Recently we had an issue with one of our applications which was connected to a Microsoft SQL Server. It was not working normally and we could initially find any reason for this after following our standard troubleshooting procedures.
Looking at the activity monitor on the SQL Server I could see the application server was trying to update a table but was always being blocked by another session. The blocked session was -2 which does not exist or the SQL Server cannot identify the session owner.
Running the query SELECT DISTINCT 'KILL ''' + CONVERT(VARCHAR(50),request_owner_guid) + ''';' FROM sys.dm_tran_locks WHERE request_session_id = -2 AND resource_database_id =DB_ID('Database Name'); returned the GUID of the Owner of the lock. This was D863D39C-1FFE-4F59-8CDD-F12BFB7062E9.

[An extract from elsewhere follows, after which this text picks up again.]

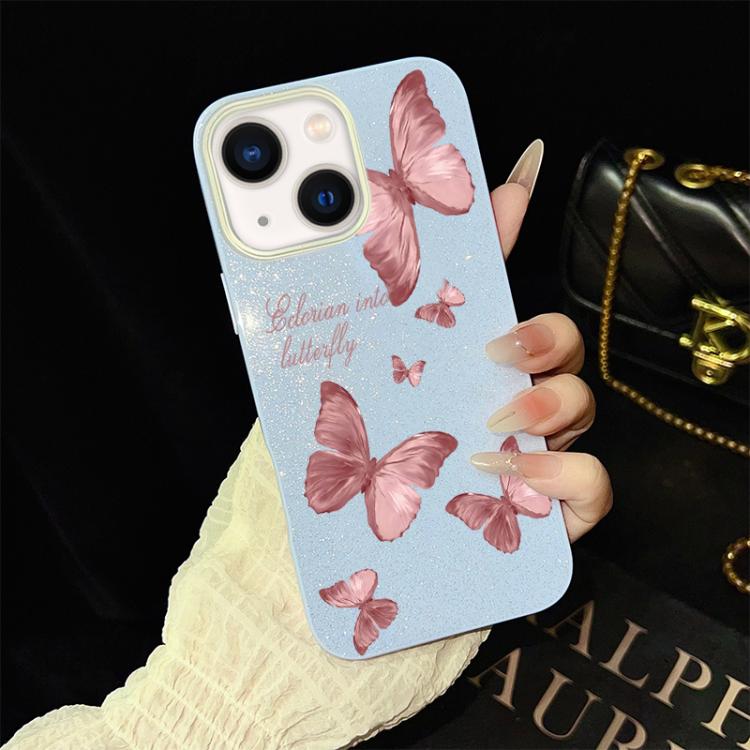 For iPhone 14 Plus Dreamy Butterflies Pattern IMD Glitter PC Hybrid TPU Phone Case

When I tried to kill that session it returned the error "Only Microsoft Distributed Transaction Coordinator can resolve this transaction. KILL command failed".
As explained here
in Wayne Sheffield's blog by running the program DCOMCNFG it allowed access to the Distributed Transaction Coordinator GUI and from this I could manually abort the transaction.
This removed the lock and allowed the application access to use the table normally. The most likely source of this rogue transaction was another SQL server linked to the SQL server which had not completed normally.